Microwave beams are used in communications with spacecrafts, which propagate in a straight line as the light and, as well as the light, they can be reflected on smooth surfaces, and focused by lenses or curved reflectors to increase its intensity.

The result of this is the same to that of an optical telescope, in which the glass mirrors have been replaced by other metal ones carrying out the same function. These types of microwave antennas are known by the same names as those of equivalent telescopes.

In the antennas, parabolic surfaces are used as reflectors. These parabolic surfaces have the geometric property of gathering on a point in space the energy waves arriving at its surface parallel to the main axis. That point of concentration is the focus of the paraboloid.

When using large antennas, it is not convenient to install the reception equipment at that theoretical point away from the main mirror structure, so that a second mirror is mounted in order that the energy concentration occurs in a more accessible area.
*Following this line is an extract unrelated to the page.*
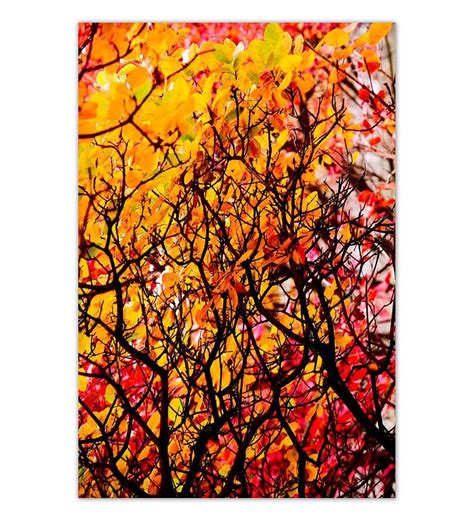 Buy Yellow Wooden Framed Printed Beautiful Autumn Wood Canvas Art Print by 999Store Online ...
The most common antenna is the Cassegrain one, which uses as secondary reflector (or subreflector), a hyperboloid, one of its two focuses coincide with the main reflector to ensure that the concentration of energy is directed towards the second focus of the hyperboloid, located much closer to the main structure.

As mentioned earlier, this complex has a total of six antennas (only four of them are working) made up by aluminum panels, and supported by steel and concrete structures. The biggest antenna has a mass of 8500 tons, of which 3500 correspond to the moving part. Its main reflector surface has 70m of diameter. It has 1272 panels of different sizes arranged in 17 rows. The panels of the first 8 interior rows have a solid surface, while those at the outer 9 rows are drilled.

If we want an efficient communication with these large antennas, the reflecting surfaces shouldn’t have deformations higher than 1/40 of the wavelength, which means 0.25 mm for frequencies up to 30 GHz.